Question

Which ranks the following atoms (Li, Na, K, Rb) from the smallest to largest atomic radius?
(A) ${\text{Li}} < {\text{Na}} < {\text{K}} < {\text{Rb}}$
(B) ${\text{Rb}} < {\text{K}} < {\text{Na}} < {\text{Li}}$
(C) ${\text{K}} < {\text{Na}} < {\text{Li}} < {\text{Rb}}$
(D) ${\text{Na}} < {\text{Li}} < {\text{Rb}} < {\text{K}}$

Answer 1

Hint: Atomic radius can be defined as a distance from the nucleus of the atom to the outermost electron.
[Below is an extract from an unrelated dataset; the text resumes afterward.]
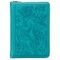 KJV Bible Compact Bible Faux Leather Teal W/Zipper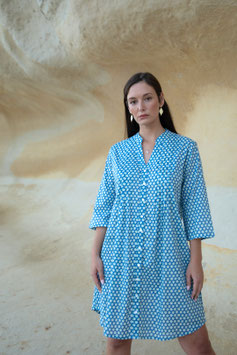 Baumwoll-Kleid - Mandum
Since the orbitals around the atoms are the probability distribution and do not have fixed boundaries. An average size for most atoms can be determined by comparing the bond lengths of the number of compounds of an element.
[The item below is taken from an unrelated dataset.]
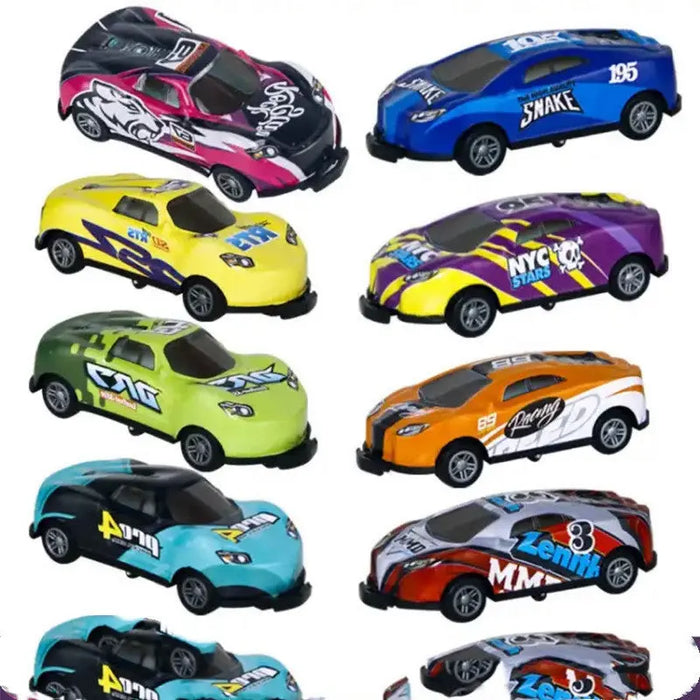 1:36 Scale Catapult Toy Car – 9 cm, 5 Colors 8metal impact catapult car r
Complete step by step answer:
On moving down the group, number of shells increases in an atom and due to this increase in the number of shells, atomic size increases. Also on moving down the group, effective nuclear charge between the nucleus and the outermost shell starts decreasing due to which the atomic size increases.
Let us understand this by writing the electronic configuration of the elements given is as follows:
Li: $1{{\text{s}}^{\text{2}}}\;{\text{2}}{{\text{s}}^{\text{1}}}$
Na: $1{{\text{s}}^{\text{2}}}\;{\text{2}}{{\text{s}}^2}\;{\text{2}}{{\text{p}}^{\text{6}}}\;{\text{3}}{{\text{s}}^{\text{1}}}$
K: ${\text{1}}{{\text{s}}^{\text{2}}}\;{\text{2}}{{\text{s}}^{\text{2}}}\;{\text{2}}{{\text{p}}^{\text{6}}}\;{\text{3}}{{\text{s}}^{\text{2}}}\;{\text{3}}{{\text{p}}^{\text{6}}}\;{\text{4}}{{\text{s}}^{\text{1}}}$
Rb: ${\text{1}}{{\text{s}}^{\text{2}}}\;{\text{2}}{{\text{s}}^{\text{2}}}\;{\text{2}}{{\text{p}}^{\text{6}}}\;{\text{3}}{{\text{s}}^{\text{2}}}\;{\text{3}}{{\text{p}}^{\text{6}}}\;{\text{3}}{{\text{d}}^{{\text{10}}}}\;{\text{4}}{{\text{s}}^{\text{2}}}\;{\text{4}}{{\text{p}}^{\text{6}}}\;{\text{4}}{{\text{d}}^{{\text{10}}}}\;{\text{5}}{{\text{s}}^{\text{2}}}\;{\text{5}}{{\text{p}}^{\text{6}}}\;{\text{6}}{{\text{s}}^{\text{1}}}$
As we can see from the electronic configuration that the Li, Na, K and Cs belongs to the same group as the outer shell electron configurations are same i.e. ${\text{n}}{{\text{s}}^1}$. From the electronic configuration, we can conclude that the number of shells is increasing on moving down the group due to which atomic radius of the atom increases.
Therefore the correct order for the smallest to largest atomic radius will be ${\text{Li}} < {\text{Na}} < {\text{K}} < {\text{Rb}}$. So, the correct option is (A).

So, the correct answer is Option A.

Note: We need to remember that the atomic radius decreases on moving left to right in a period of periodic table because in period electrons are filled in the same shell. Therefore, they are not able to screen each other and thus the nuclear charge as well as the effective nuclear charge increases, which decrease the radius.